Data excerpts:
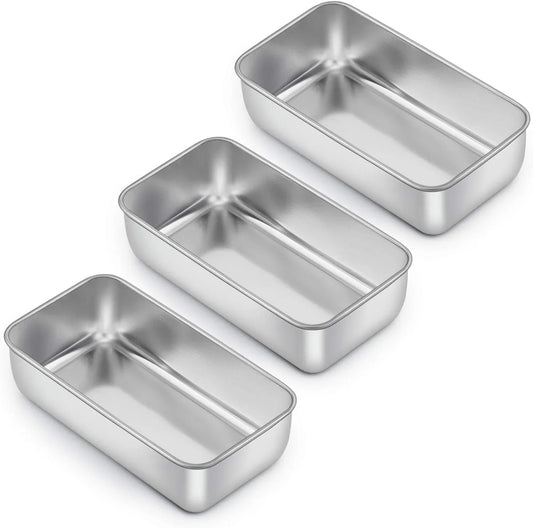 Loaf Pan for Baking Bread, 9 X 5 Inch Stainless Steel Baking Loaf Pans, Metal Bakeware for Bread Meatloaf Cake Brownies, Healthy & Non Toxic, Easy Release & Dishwasher Safe - Set of 3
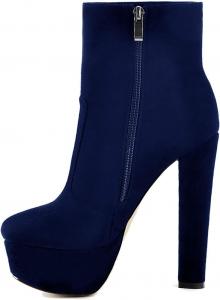 Женские ботильоны на платформе Gogo с высокой толстой подошвой, боковой молнией, круглым носком, удобные, для вечеринок, повседневные ботинки Onlymakerheels, Blue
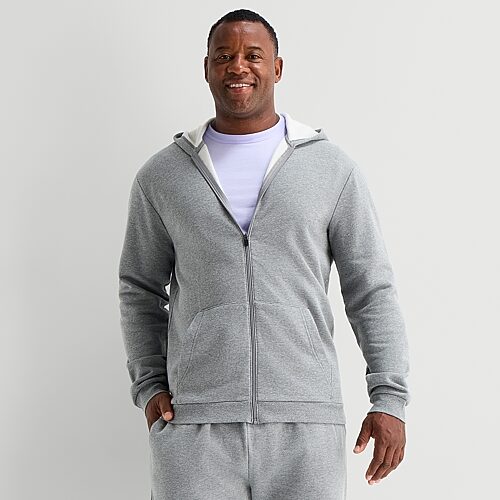 Xersion Sweatshirt Mens Long Sleeve Zipper Active Big And Tall Hoodie In Gray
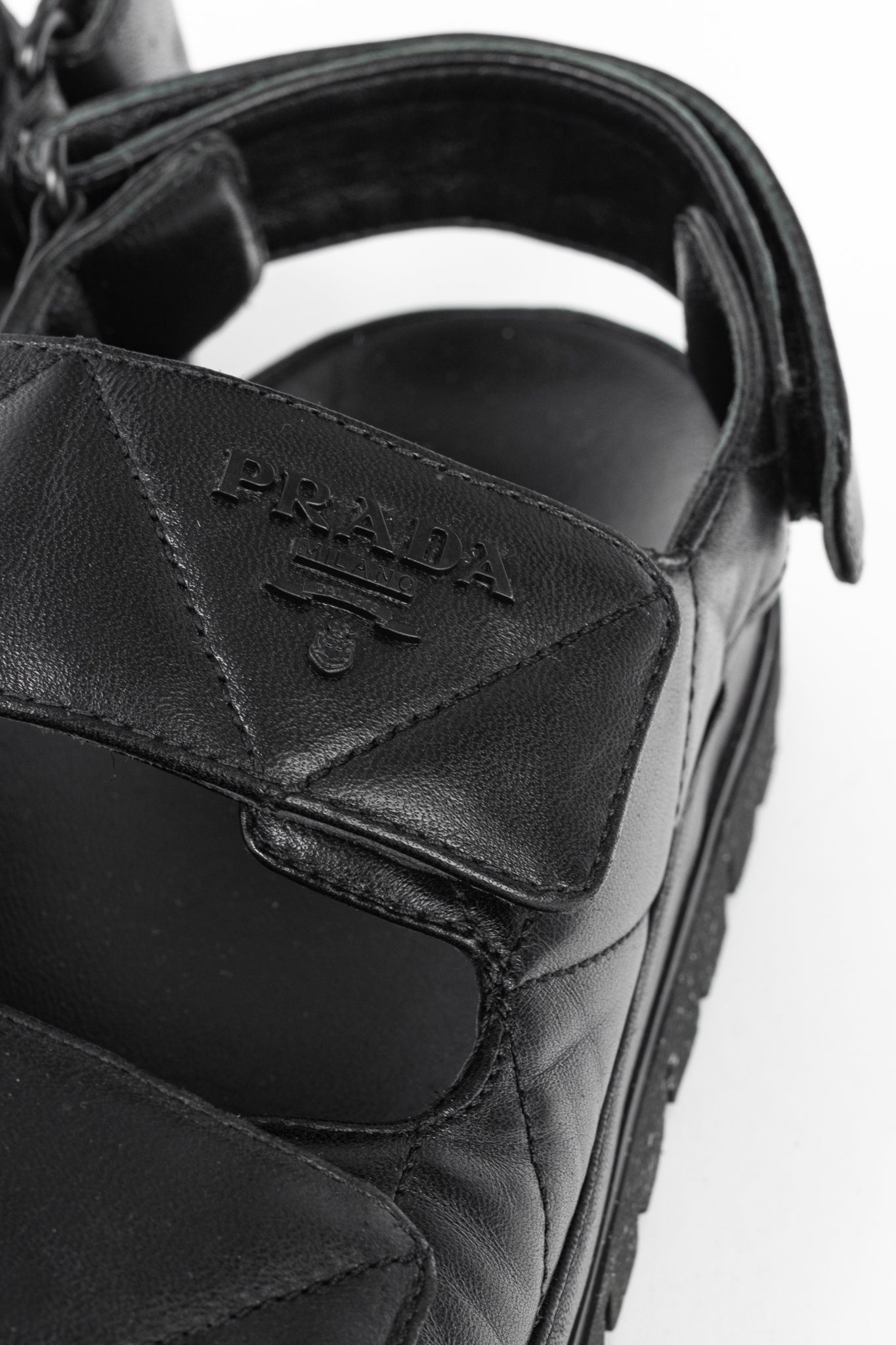 Prada Black Quilted Lamb Leather Sandals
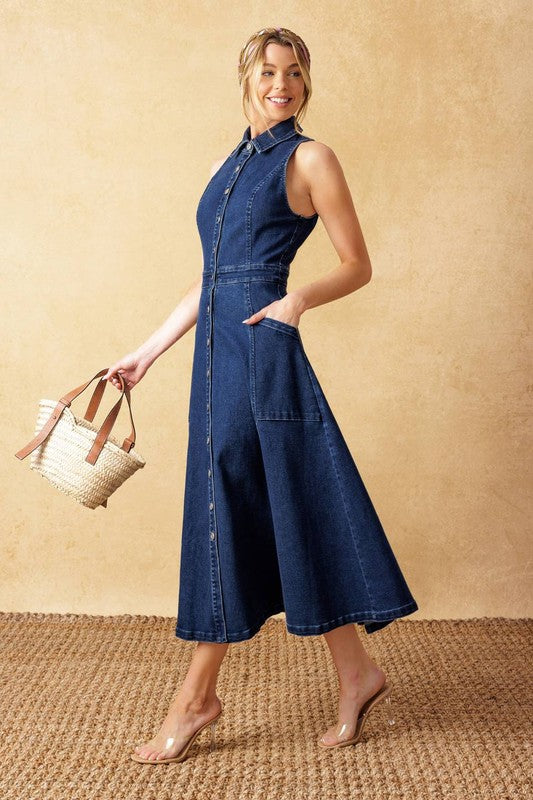 celeste midi dress Dark Navy / S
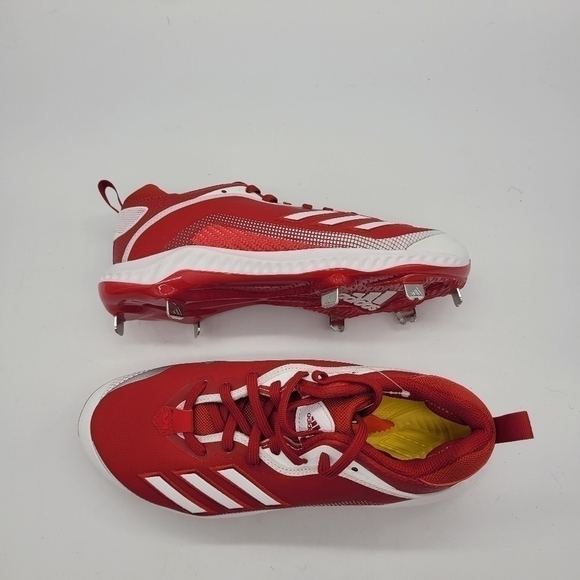 adidas Icon 6 Bounce Team Power Baseball Metal Cleats Men 7.5 Shoes Red NEW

(TRY IT):
What you return must match the entries above exactly, apart from the pictures, which are left out.

(ANSWER FOR THIS EXERCISE):
 Loaf Pan for Baking Bread, 9 X 5 Inch Stainless Steel Baking Loaf Pans, Metal Bakeware for Bread Meatloaf Cake Brownies, Healthy & Non Toxic, Easy Release & Dishwasher Safe - Set of 3
 Женские ботильоны на платформе Gogo с высокой толстой подошвой, боковой молнией, круглым носком, удобные, для вечеринок, повседневные ботинки Onlymakerheels, Blue
 Xersion Sweatshirt Mens Long Sleeve Zipper Active Big And Tall Hoodie In Gray
 Prada Black Quilted Lamb Leather Sandals
 celeste midi dress Dark Navy / S
 adidas Icon 6 Bounce Team Power Baseball Metal Cleats Men 7.5 Shoes Red NEW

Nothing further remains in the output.